[THE PROBLEM] Take the line that contains "Live music at Tonewood & Courage" and each line after it to the end of the data below, and set them down exactly, omitting pictures.

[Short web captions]
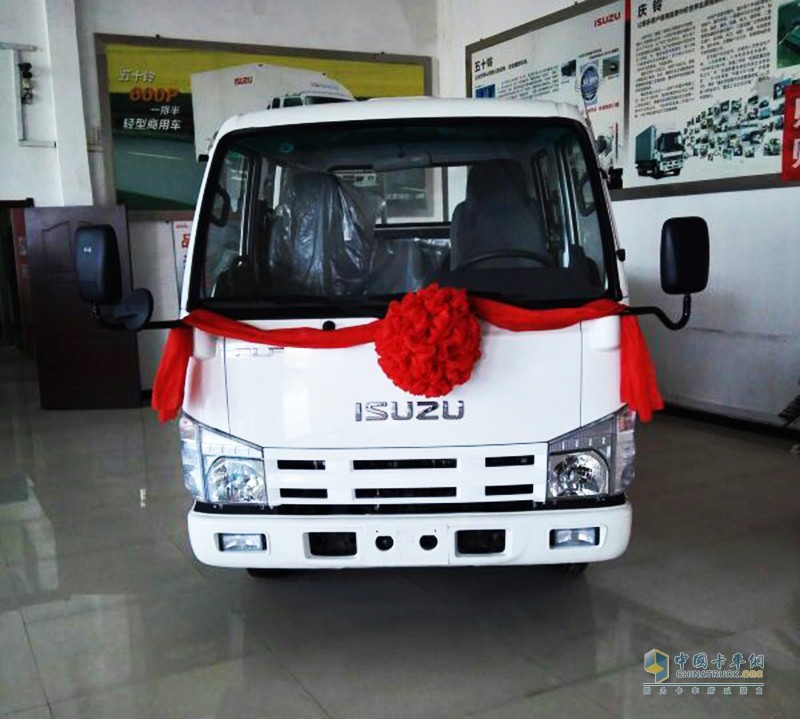 慶鈴五十鈴汽車 100P長雙欄板 98馬力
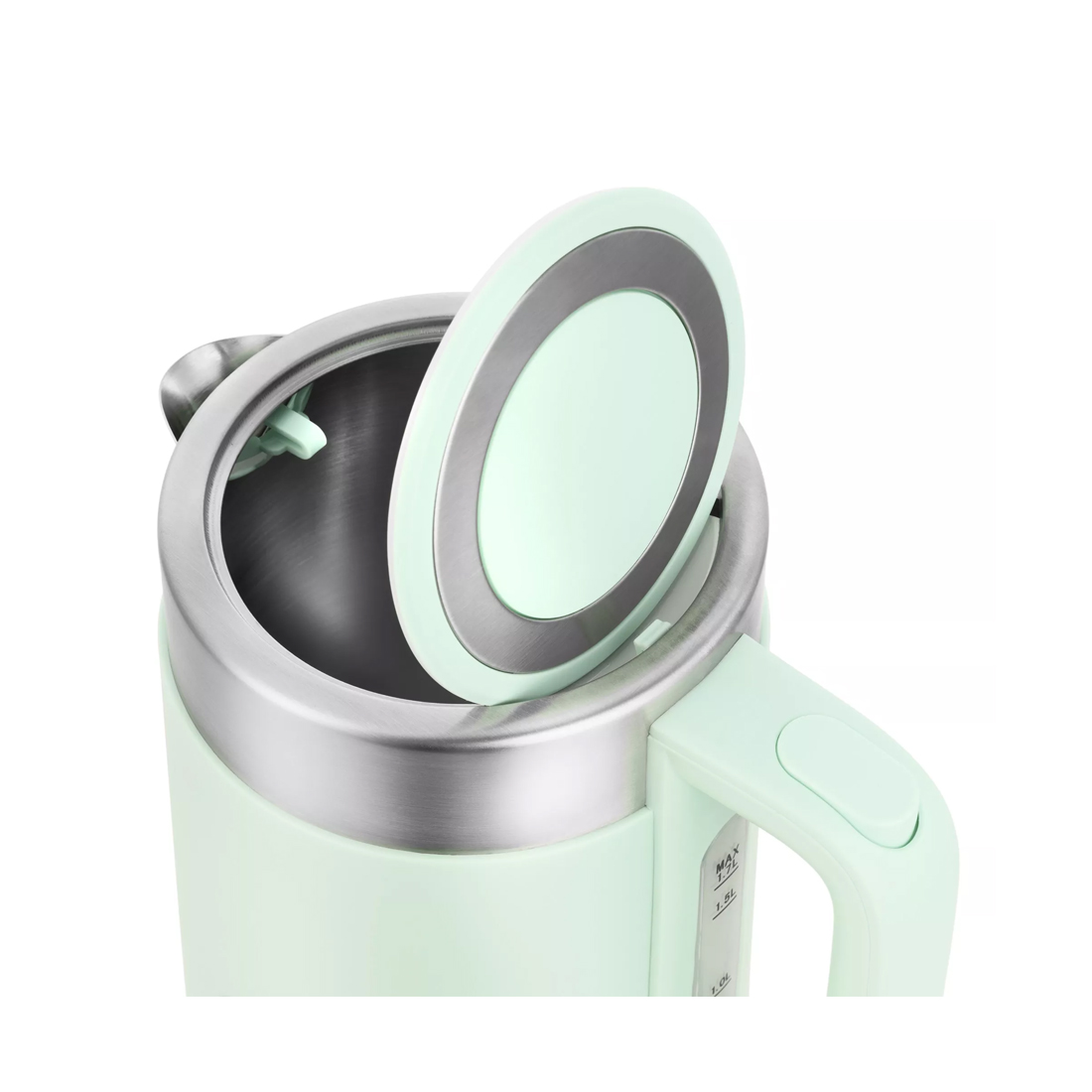 Чайник электрический Kitfort KT-659-2 зеленый — изображение 3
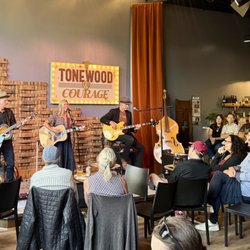 Live music at Tonewood & Courage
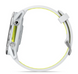 Garmin Forerunner 970 Titanium with Whitestone Case and Whitestone/Translucent Amp Yellow Band 010-02969-01 фото 8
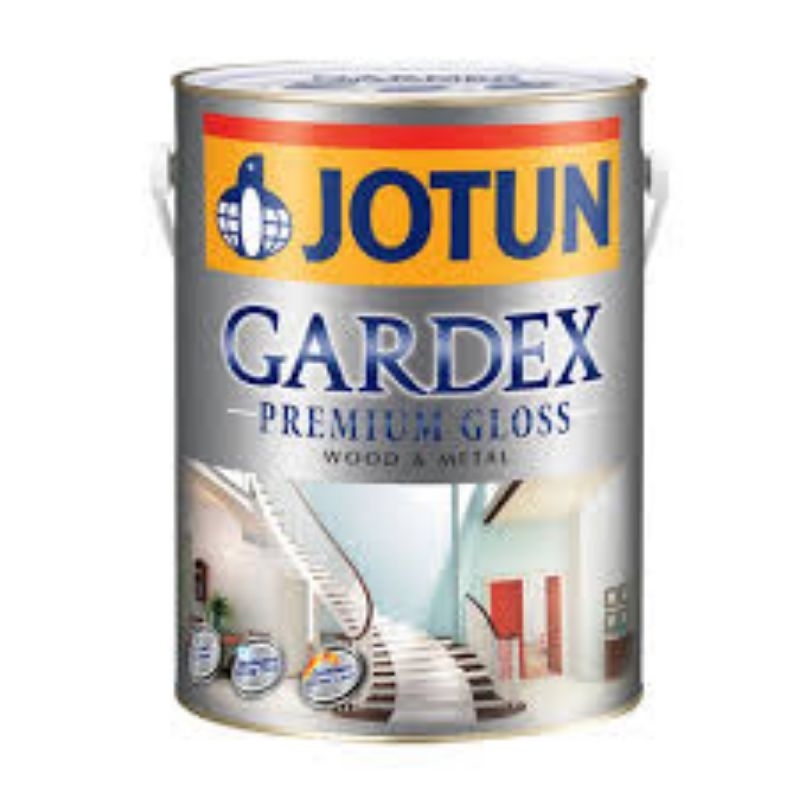 Cat Kayu Besi JOTUN GARDEX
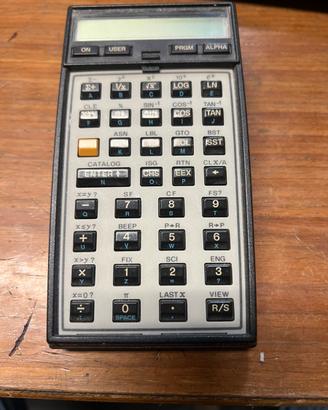 Calcolatrice HP  41CV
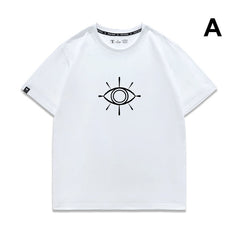 人気キャラ プリント トップス しと達 ユニセックス 半袖Ｔシャツ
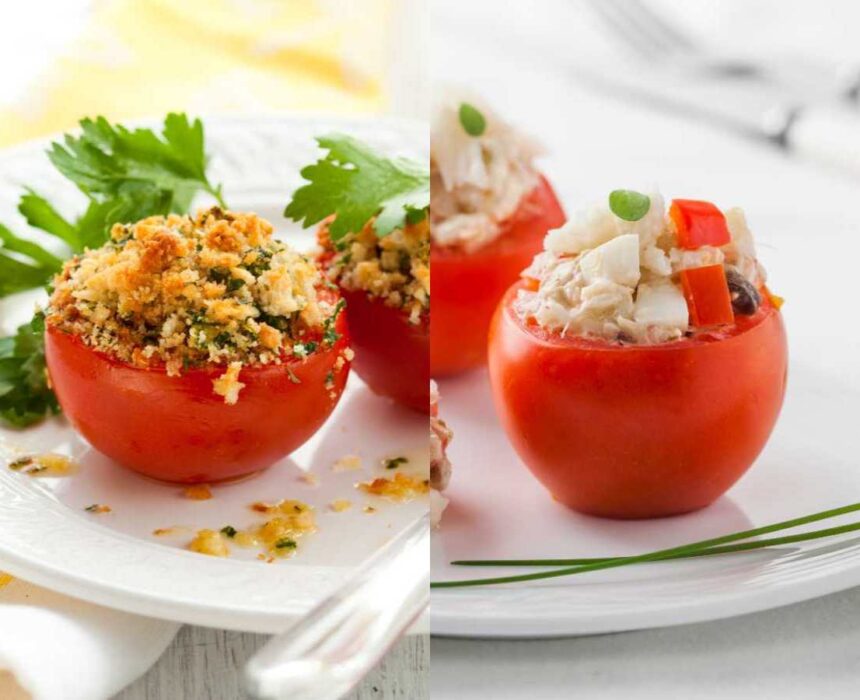 Recetas de tomates rellenos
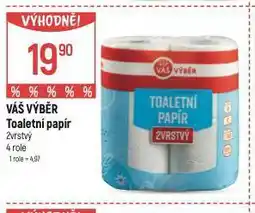 Globus Toaletní papír nabídka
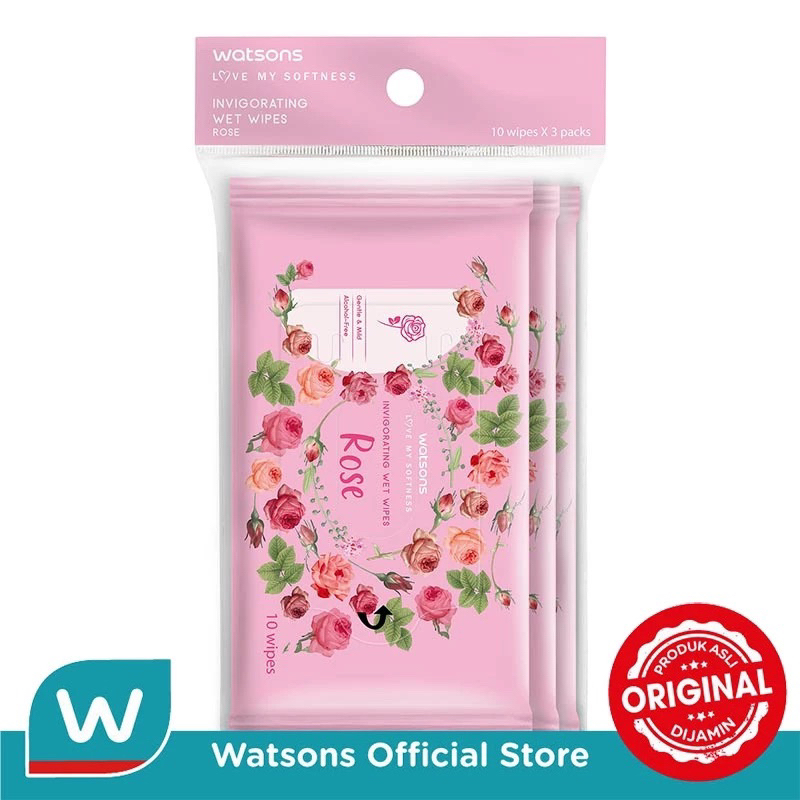 WATSONS WET WIPES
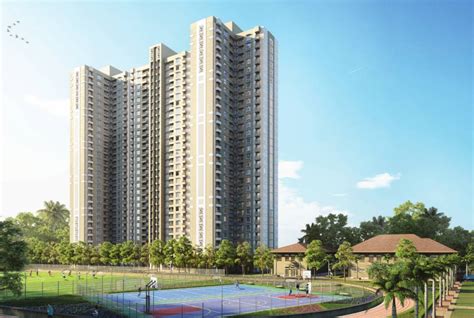 Lodha Amara Tower 20 21 in Thane West, Mumbai - Price, Location Map ...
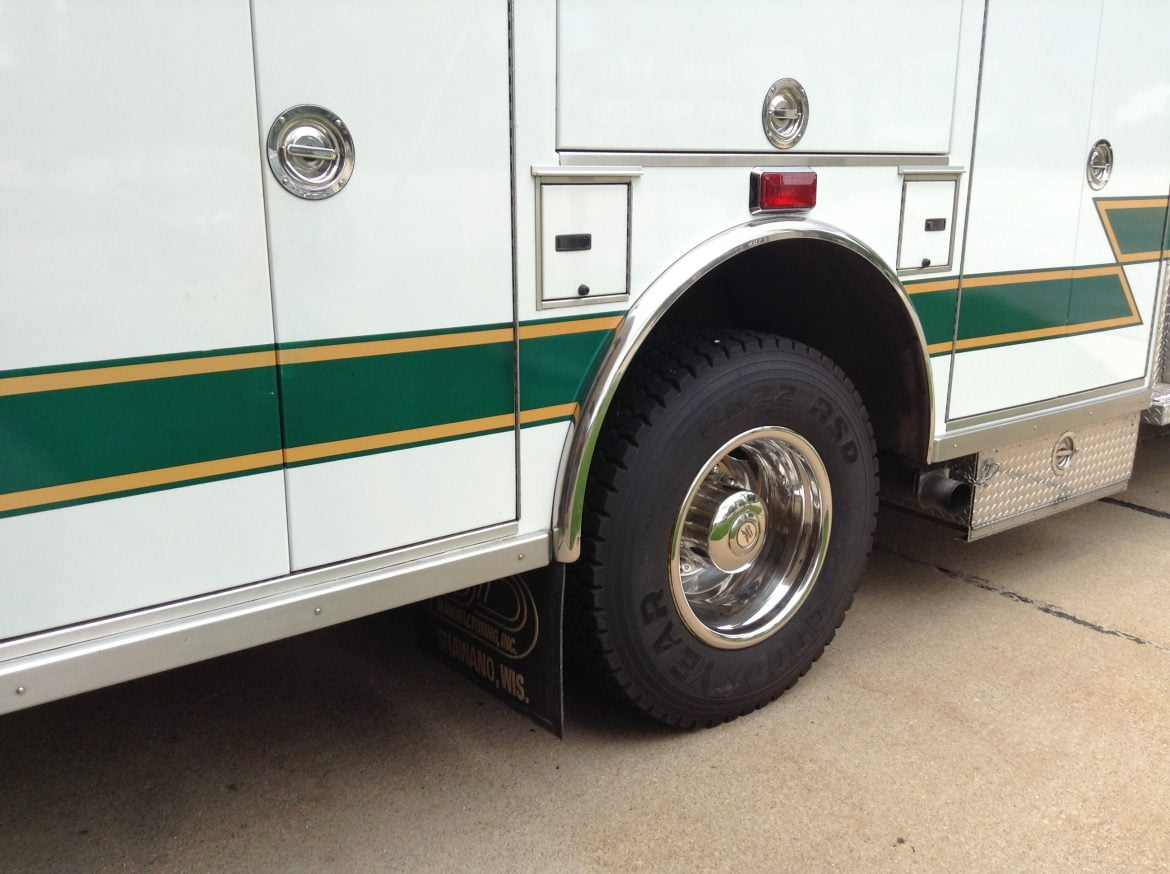 1997 IH 3D Rescue #71670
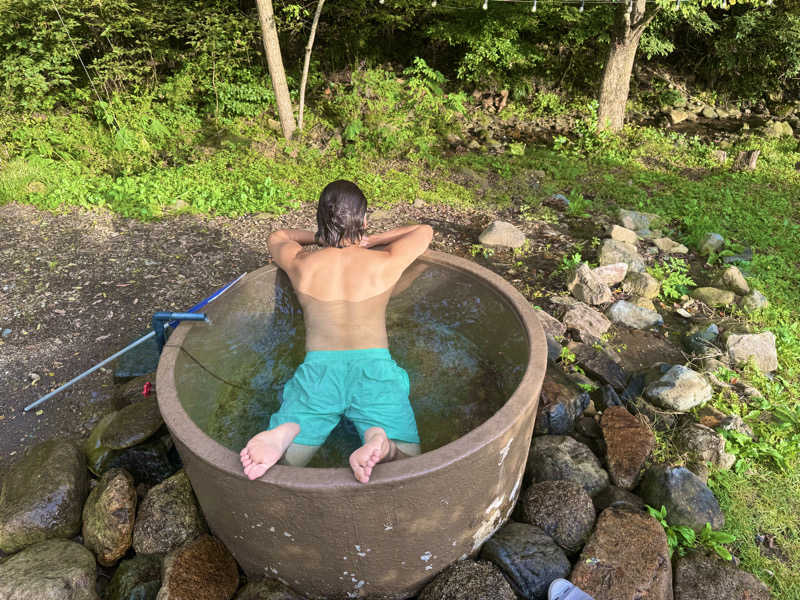 サウナベイビーTATAさんのTHE FIVE RIVERS FINE GLAMPING群馬白沢 グランピングのサ活写真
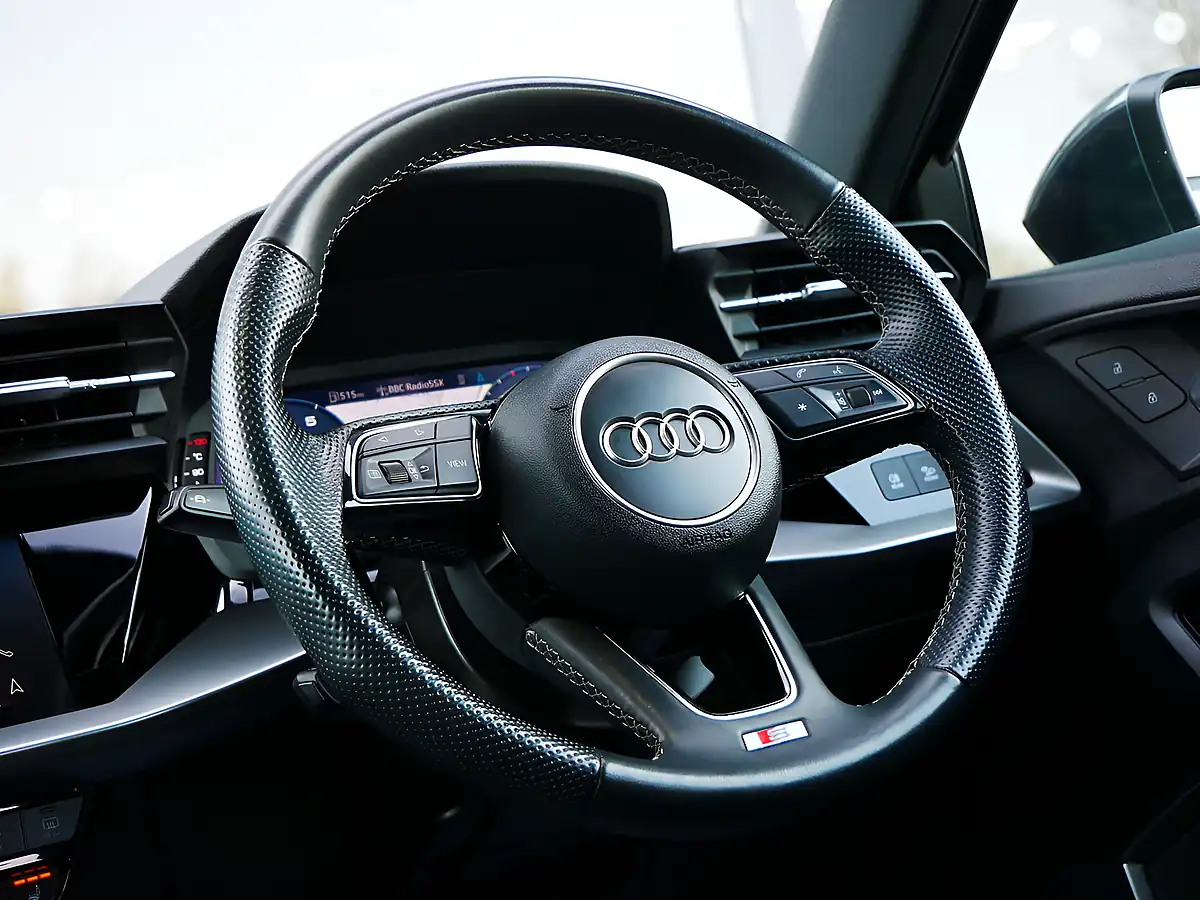 Used 2021 Audi A3 S Line Daytona Grey - Interior and Exterior details 16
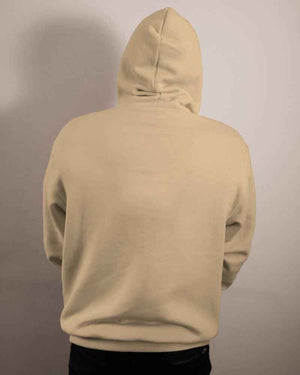 Nitorious Beige Luxe Hoodie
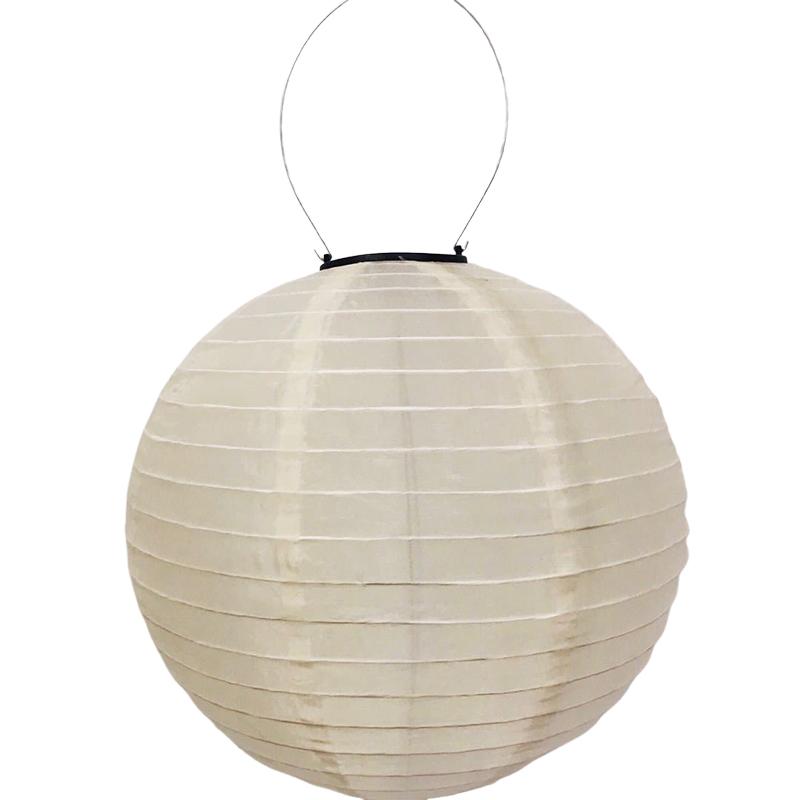 12 Inch Waterproof Solar Powered Lanterns Chinese Lantern Led Lamp Outdoor Decoration Balls Light Solar Lantern Party Decoration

[SOLVED EXERCISE]
 Live music at Tonewood & Courage
 Garmin Forerunner 970 Titanium with Whitestone Case and Whitestone/Translucent Amp Yellow Band 010-02969-01 фото 8
 Cat Kayu Besi JOTUN GARDEX
 Calcolatrice HP  41CV
 人気キャラ プリント トップス しと達 ユニセックス 半袖Ｔシャツ
 Recetas de tomates rellenos
 Globus Toaletní papír nabídka
 WATSONS WET WIPES
 Lodha Amara Tower 20 21 in Thane West, Mumbai - Price, Location Map ...
 1997 IH 3D Rescue #71670
 サウナベイビーTATAさんのTHE FIVE RIVERS FINE GLAMPING群馬白沢 グランピングのサ活写真
 Used 2021 Audi A3 S Line Daytona Grey - Interior and Exterior details 16
 Nitorious Beige Luxe Hoodie
 12 Inch Waterproof Solar Powered Lanterns Chinese Lantern Led Lamp Outdoor Decoration Balls Light Solar Lantern Party Decoration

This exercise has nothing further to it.